Forbes magazine has estimated the Rams franchise has a value of $929 million.
Frontiere's children, Chip Rosenbloom and Lucia Rodriguez, inherited 60 percent of the Rams when their mother died in January 2008. Columbia, Mo., billionaire Stan Kroenke owns the remaining 40 percent. It wasn't clear if the Limbaugh/Checketts bid was for 100 percent of the Rams or just the share owned by Rosenbloom and Rodriguez.
"Our strategic review of our ownership of the Rams continues," Rosenbloom said in a statement released late Monday. "We will make an announcement upon the completion of the process."
NFL spokesman Greg Aiello declined comment.

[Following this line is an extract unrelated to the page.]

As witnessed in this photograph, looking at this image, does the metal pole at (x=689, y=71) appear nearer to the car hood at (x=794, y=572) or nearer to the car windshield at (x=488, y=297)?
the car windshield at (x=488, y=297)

Spokesmen for Checketts and the Blues declined comment.
Limbaugh is a native of Cape Girardeau, Mo., about 100 miles south of St. Louis. He's so popular among conservatives -- fans of his show call themselves "dittoheads" -- that he has been called by some the voice of the Republican Party.

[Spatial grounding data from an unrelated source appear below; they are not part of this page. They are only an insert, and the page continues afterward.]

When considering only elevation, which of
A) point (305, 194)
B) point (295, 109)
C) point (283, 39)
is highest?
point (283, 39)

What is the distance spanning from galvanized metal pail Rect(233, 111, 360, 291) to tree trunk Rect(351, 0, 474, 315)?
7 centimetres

Limbaugh, who lives and works in Palm Beach, Fla., once worked for the Kansas City Royals and is an avid sports fan.
In 2003, Limbaugh worked briefly on ESPN's NFL pregame show, but resigned after saying Philadelphia Eagles quarterback Donovan McNabb was overrated because the media wanted to see a black quarterback succeed.
Checketts, 53, and his Sports Capital Partners and Towerbrook Capital Partners purchased the Blues in 2006 from Bill and Nancy Laurie. The Blues have gradually rebuilt under his leadership and made the playoffs last season for the first time since 2004.
Checketts first approached Rosenbloom in early 2009 about possibly buying the Rams. Eric Gelfand, a spokesman for Checketts, said in June that Checketts had put together a group consisting of local and outside investors.
An NFL rule allows ownership of NFL teams and teams in other sports, but only if they are in the same market. That would be a problem if Kroenke wanted to become majority owner of the Rams because he owns the NBA's Denver Nuggets and the NHL's Colorado Avalanche.
Checketts' company owns Utah's Real Salt Lake Major League Soccer team. But an NFL spokesman has said the cross-ownership rule does not apply to the MLS.
The potential sale of the Rams has been rumored since Frontiere's death. Her children are both involved in other interests and neither has ties to St. Louis.
The sale has raised concerns in St. Louis, which lost the Cardinals franchise after the 1987 season when Bill Bidwill moved the team to Arizona.
The NFL passed over St. Louis for the smaller Jacksonville, Fla., market when it awarded an expansion team in 1993. Two years later, civic leaders convinced Frontiere, a St. Louis native, to move the team from Los Angeles, the nation's second-largest market, back to her hometown.
Los Angeles is still without a team, and a loophole in the Rams' lease allows them to move as early as 2014 if the Edward Jones Dome is not deemed among the top quarter of all NFL stadiums. Though just 14 years old, the dome is fast becoming one of the league's older venues, and getting it into the top quarter seems unlikely.
Checketts became the youngest person ever to run an NBA team at age 28 when he became president and general manager of the Utah Jazz in 1984. He later ran the New York Knicks and Madison Square Garden.